Bond hoarders of Britain, unite!

Mark Carney © Getty Images

You have nothing to lose but your yields!

The Bank of England released a statement this morning explaining a puzzling and worrying failure yesterday (we’ll cover the statement in more detail later).

The failure was in the bank’s brand spanking new bond-buying programme. That’s the one announced in last week’s raft of measures to ‘stimulate’ the UK economy and save it from the negative consequences of Brexit which are, as yet, mostly in the sentiments of businesses and consumers.

But back to the bond failure! The bank wants to add £60bn in governments bonds over the next six months. That’s on top of the £435bn the bank already owns. The bank’s plan, which looked good on paper, was to simply wade into the bond market and buy whatever anyone was selling.

Simple enough right? After all, when you own the printing press, money is no object. People are selling. You buy at any price. There’s no reason it shouldn’t work.
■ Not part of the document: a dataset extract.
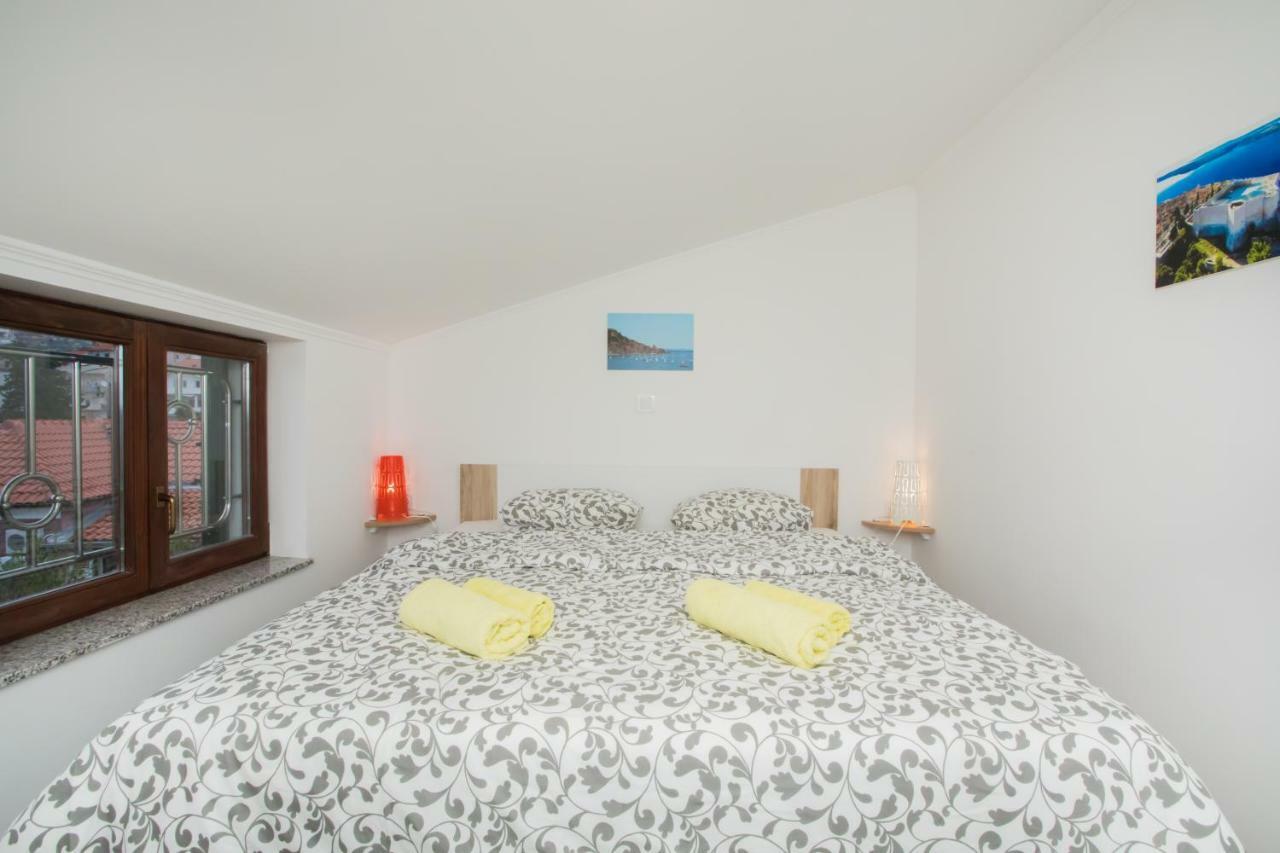 Apartments Tonka Sibenik Ngoại thất bức ảnh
Trouble is, the bank couldn’t find enough sellers yesterday to meet its first purchase target. It went looking for bonds with maturities of 15 years or more, and it couldn’t find enough sellers. The bond vigilantes are back! Except this time, rather than not buying, they’re refusing to sell!
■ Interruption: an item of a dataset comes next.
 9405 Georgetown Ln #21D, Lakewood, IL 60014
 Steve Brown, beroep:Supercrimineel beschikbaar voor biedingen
Maybe the bank will simply wave more money in their face today. In fact, that’s what happened yesterday.

A few cheeky sellers upped the price and got above market prices. It’s not a bad strategy if the bank is willing to buy from you at any price. It’s also an example of central bank policies have tended to favour owners of financial assets over savers.

But step back for a second and ask yourself what this early failure means. No, it’s not an unmitigated disaster. Not yet. But it tells you that some buyers of longer-date government bonds actually need the yield on those bonds. I’m talking about pension funds and insurance companies who need to match the duration of their liabilities with their assets.
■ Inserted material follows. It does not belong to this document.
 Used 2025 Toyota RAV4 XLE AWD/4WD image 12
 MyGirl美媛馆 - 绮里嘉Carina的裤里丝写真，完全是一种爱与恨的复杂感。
The bank is not concerned with the problems of individual Britons as they plan for the future. But you should be. Yields on ten-year gilts fell to a record low of 0.56% during Tuesday trading; 30-year gilts fell to 1.39%.

It’s not hard to see what’s happening: speculators are betting the BoE will buy more bonds, driving prices up and yields ever lower (bond prices moving inversely to yields).

All which begs the question: will British bond yields go negative? Mark Carney doesn’t like the idea, but he may come around. The “lower bound” may not be low enough for a man who’s quickly running out of monetary tricks. The bond market knows this – or is at least guessing it.

In the meantime, how long do you think it will be before “bond hoarders” are demonised the way “cash hoarders” are? It might be a while, if only because most people don’t carry around gilts in their wallet. But the principle is the same, and it’s not good.

Investors, pensioners, savers and retirees trying to be prudent have never had it so miserable. This is the financial repression Tim Price wrote about last week. It’s not on the way – it’s already here. And it’s probably going to get a lot worse before it gets better.